Exercise:
Quote the entries in full, character for character, without their images.

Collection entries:
────────────────────────────────────────

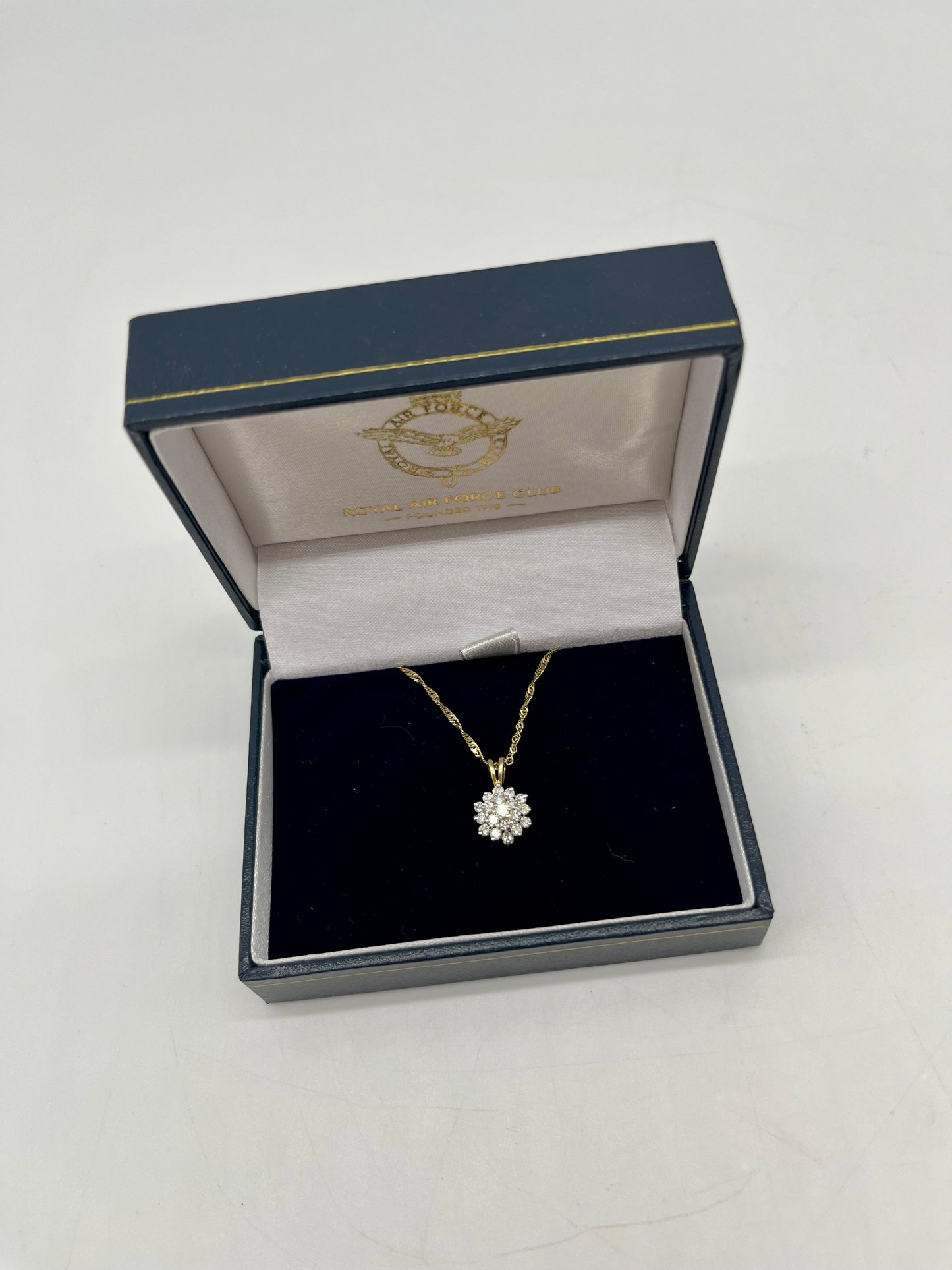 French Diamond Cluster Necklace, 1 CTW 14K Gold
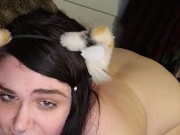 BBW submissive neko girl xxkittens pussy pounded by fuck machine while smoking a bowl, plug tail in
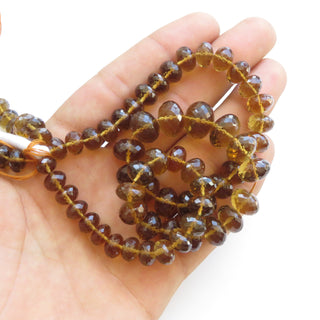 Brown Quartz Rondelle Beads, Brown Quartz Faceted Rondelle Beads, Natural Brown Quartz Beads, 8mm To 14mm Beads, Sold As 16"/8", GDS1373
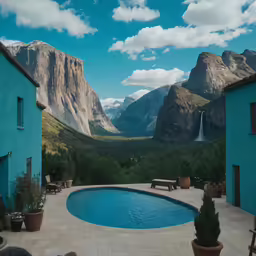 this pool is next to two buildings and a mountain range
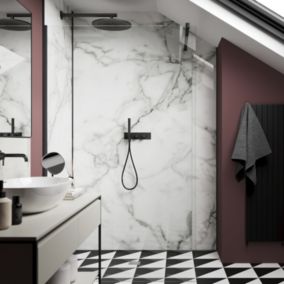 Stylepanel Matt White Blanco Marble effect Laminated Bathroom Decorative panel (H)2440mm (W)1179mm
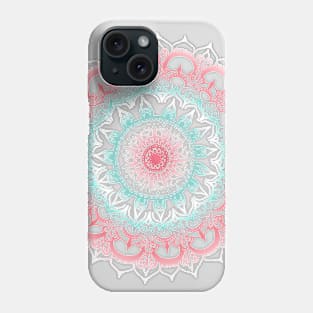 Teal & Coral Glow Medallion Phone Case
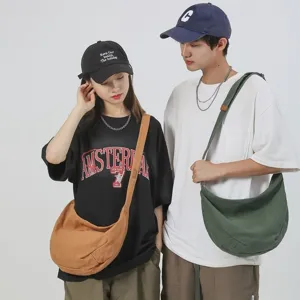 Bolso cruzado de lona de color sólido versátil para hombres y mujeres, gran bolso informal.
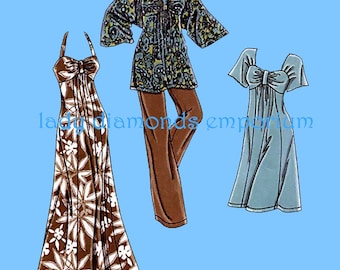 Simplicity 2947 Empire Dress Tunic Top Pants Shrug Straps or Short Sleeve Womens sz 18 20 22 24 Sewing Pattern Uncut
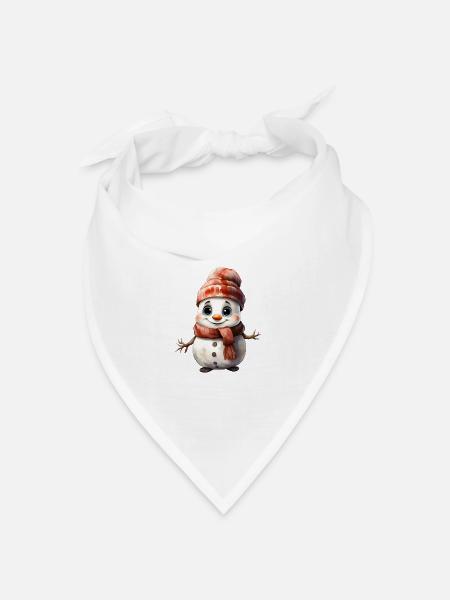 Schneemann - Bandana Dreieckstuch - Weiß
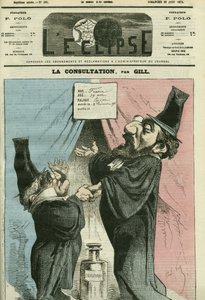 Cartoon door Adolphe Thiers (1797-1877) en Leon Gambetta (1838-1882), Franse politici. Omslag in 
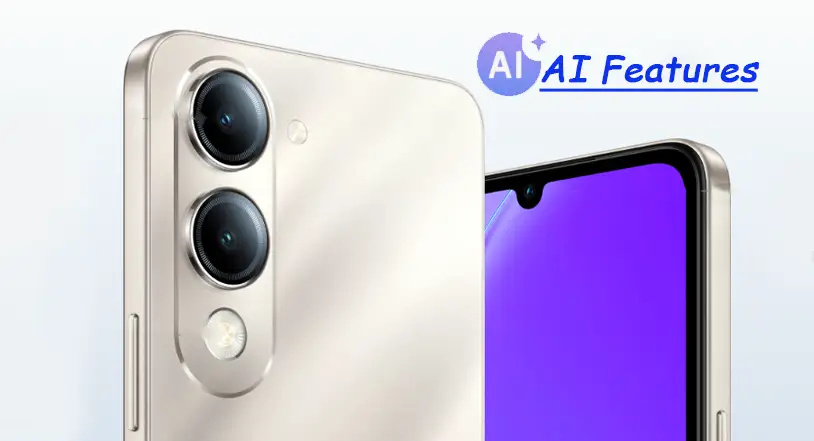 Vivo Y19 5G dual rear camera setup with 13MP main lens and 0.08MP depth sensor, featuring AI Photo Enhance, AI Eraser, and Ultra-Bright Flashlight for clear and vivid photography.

────────────────────────────────────────

Answer to this exercise:
 French Diamond Cluster Necklace, 1 CTW 14K Gold
 BBW submissive neko girl xxkittens pussy pounded by fuck machine while smoking a bowl, plug tail in
 Brown Quartz Rondelle Beads, Brown Quartz Faceted Rondelle Beads, Natural Brown Quartz Beads, 8mm To 14mm Beads, Sold As 16"/8", GDS1373
 this pool is next to two buildings and a mountain range
 Stylepanel Matt White Blanco Marble effect Laminated Bathroom Decorative panel (H)2440mm (W)1179mm
 Teal & Coral Glow Medallion Phone Case
 Bolso cruzado de lona de color sólido versátil para hombres y mujeres, gran bolso informal.
 Simplicity 2947 Empire Dress Tunic Top Pants Shrug Straps or Short Sleeve Womens sz 18 20 22 24 Sewing Pattern Uncut
 Schneemann - Bandana Dreieckstuch - Weiß
 Cartoon door Adolphe Thiers (1797-1877) en Leon Gambetta (1838-1882), Franse politici. Omslag in 
 Vivo Y19 5G dual rear camera setup with 13MP main lens and 0.08MP depth sensor, featuring AI Photo Enhance, AI Eraser, and Ultra-Bright Flashlight for clear and vivid photography.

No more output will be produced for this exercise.